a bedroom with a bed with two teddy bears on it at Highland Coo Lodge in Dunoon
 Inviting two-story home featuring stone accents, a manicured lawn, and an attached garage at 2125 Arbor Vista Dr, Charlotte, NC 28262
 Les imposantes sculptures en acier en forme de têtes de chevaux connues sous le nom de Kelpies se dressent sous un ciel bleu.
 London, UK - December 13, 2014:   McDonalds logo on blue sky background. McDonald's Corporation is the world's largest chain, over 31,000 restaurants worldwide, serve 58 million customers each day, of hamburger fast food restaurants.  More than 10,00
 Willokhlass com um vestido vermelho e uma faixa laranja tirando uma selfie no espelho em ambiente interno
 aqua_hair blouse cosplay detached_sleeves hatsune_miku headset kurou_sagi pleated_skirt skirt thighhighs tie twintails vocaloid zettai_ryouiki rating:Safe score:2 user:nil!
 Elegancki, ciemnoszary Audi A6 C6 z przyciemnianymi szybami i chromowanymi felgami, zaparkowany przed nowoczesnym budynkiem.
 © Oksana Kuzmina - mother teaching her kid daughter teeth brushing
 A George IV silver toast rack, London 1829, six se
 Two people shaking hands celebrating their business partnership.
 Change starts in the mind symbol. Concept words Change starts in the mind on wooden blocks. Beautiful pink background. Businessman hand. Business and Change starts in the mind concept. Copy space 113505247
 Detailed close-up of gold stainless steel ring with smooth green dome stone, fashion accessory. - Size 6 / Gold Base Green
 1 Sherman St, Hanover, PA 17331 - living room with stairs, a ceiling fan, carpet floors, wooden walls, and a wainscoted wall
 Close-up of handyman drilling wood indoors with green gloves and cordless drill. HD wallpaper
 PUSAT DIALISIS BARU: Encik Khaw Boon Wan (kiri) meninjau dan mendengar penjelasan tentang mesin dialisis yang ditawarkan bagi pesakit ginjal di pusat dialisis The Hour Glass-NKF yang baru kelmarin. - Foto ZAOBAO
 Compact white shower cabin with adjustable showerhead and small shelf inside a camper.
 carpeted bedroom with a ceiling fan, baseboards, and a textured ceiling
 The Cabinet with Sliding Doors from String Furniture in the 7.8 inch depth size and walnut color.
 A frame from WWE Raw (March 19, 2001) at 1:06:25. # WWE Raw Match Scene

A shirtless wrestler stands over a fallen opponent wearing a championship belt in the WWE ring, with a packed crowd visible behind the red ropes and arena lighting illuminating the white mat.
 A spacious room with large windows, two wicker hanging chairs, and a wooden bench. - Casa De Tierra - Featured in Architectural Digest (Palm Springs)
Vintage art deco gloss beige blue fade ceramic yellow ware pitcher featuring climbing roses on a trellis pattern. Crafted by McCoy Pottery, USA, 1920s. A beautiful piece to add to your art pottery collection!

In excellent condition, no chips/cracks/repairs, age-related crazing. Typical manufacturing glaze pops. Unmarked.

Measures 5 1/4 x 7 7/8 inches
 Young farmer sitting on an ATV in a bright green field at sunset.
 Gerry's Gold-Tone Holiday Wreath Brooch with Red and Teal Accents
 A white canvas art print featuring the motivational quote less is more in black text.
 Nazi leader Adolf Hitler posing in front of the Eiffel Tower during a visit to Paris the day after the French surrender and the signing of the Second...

**Your task:** Reproduce the lines above, beginning at the line with "Willokhlass com um" and stopping after the line with "A George IV", exactly as they are.

**Task result:**
 Willokhlass com um vestido vermelho e uma faixa laranja tirando uma selfie no espelho em ambiente interno
 aqua_hair blouse cosplay detached_sleeves hatsune_miku headset kurou_sagi pleated_skirt skirt thighhighs tie twintails vocaloid zettai_ryouiki rating:Safe score:2 user:nil!
 Elegancki, ciemnoszary Audi A6 C6 z przyciemnianymi szybami i chromowanymi felgami, zaparkowany przed nowoczesnym budynkiem.
 © Oksana Kuzmina - mother teaching her kid daughter teeth brushing
 A George IV silver toast rack, London 1829, six se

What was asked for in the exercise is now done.